Es waren die Themen des wenige Stunden zuvor veröffentlichten ersten Mittelstandsmonitors der AG Mittelstand, die auch den vom Deutschen Raiffeisenverband (DRV) am Pariser Platz organisierten Parlamentarischen Abend bestimmten: international wettbewerbsfähige Energiekosten, Abbau der überbordenden Bürokratie, Arbeitskräftemangel, Digitalisierung, zukunftssichere Infrastruktur.
„Bei den Energiekosten haben wir viel erreicht für die Unternehmen“, stellte Kellner heraus und verwies auf eine spürbare Absenkung der Steuer- und Abgabelast. „Wir wollen, dass wir ein starkes Industrieland bleiben“, betonte der Beauftragte der Bundesregierung für Mittelstand. Gleichzeitig sei Deutschland „auf Kurs bei den Klimazielen. Wir bringen Ökologie und Ökonomie übereinander“, so Kellner. Mit Blick auf das Wachstumschancengesetz warb er um Zustimmung. „Es ist ein Baustein, um die Wirtschaft in Deutschland zu stärken.“
Linnemann bezeichnete die aktuelle wirtschaftliche Situation als ernst: „Es ist die erste Rezession, in die wir schlecht reingehen ohne dass wir besser wieder herauskommen werden.“ Der Ampel warf er vor, in den letzten Jahren „alles mit Geld zugeschüttet zu haben“. Dabei müsse vielmehr Arbeit wieder positiv konnotiert sein. Steuerfreie Überstunden und eine Aktivrente, die bis zu 2000 Euro steuerfreien Zuverdienst für Rentner monatlich ermöglicht, versprach Linnemann, wenn die Union wieder in Regierungsverantwortung kommen sollte. Grundsätzlich plädierte er dafür, „einfach mal zu machen“.

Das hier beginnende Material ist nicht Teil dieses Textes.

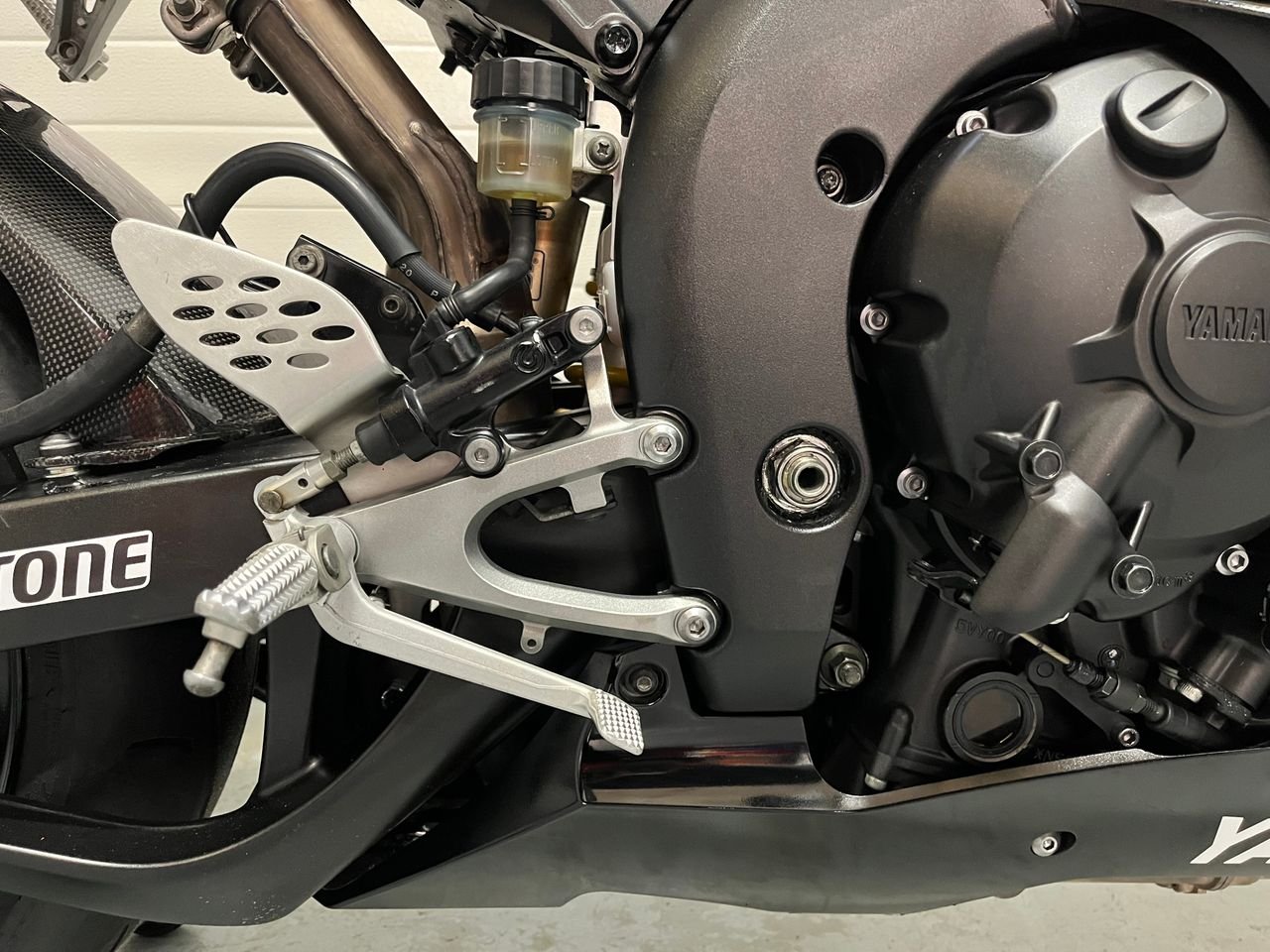 YAMAHA R1 - Photo 25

Einigkeit herrschte bezüglich der Notwendigkeit, den Mittelstand bei der Bürokratie zu entlasten. „Hierzu braucht es den Mut, Strukturen auch brachial aufzubrechen“, betonte Linnemann. Bereits bei seiner Begrüßung hatte DRV-Präsident Franz-Josef Holzenkamp die Bürokratielast als massives Problem kritisiert und die aktuelle EU-Lieferketten-Richtlinie beispielhaft genannt. „Hier droht ein Bürokratiemonster.“ Das Bürokratieentlastungsgesetz mit seinem Entlastungsvolumen von 900 Millionen Euro ist für Holzenkamp angesichts jährlicher Gesamt-Bürokratiekosten für die deutsche Wirtschaft von 65 Milliarden Euro nur ein Tropfen auf dem heißen Stein. „Wir sollten nicht darüber sprechen, was wir entlasten können, sondern was wir von vornherein lassen können“, so der DRV-Präsident. Dafür gab‘s Applaus vom Mittelstand.
Hinsichtlich der notwendigen politischen Rahmenbedingungen für die Agrar- und Ernährungsbranche sieht Holzenkamp kein Erkenntnis- sondern Umsetzungsproblem. „Viele Vorschläge, wie die Transformation gelingen kann, liegen seit langem auf dem Tisch. Doch nichts passiert. Wir dürfen die Unternehmen und Menschen nicht überfordern, sonst verlieren wir sie auf dem Weg.“
Resümee nach dem etwa einstündigen Programm: Genügend Gesprächsstoff um bei Wasser, Wein und Berliner Bulette weiter zu diskutieren.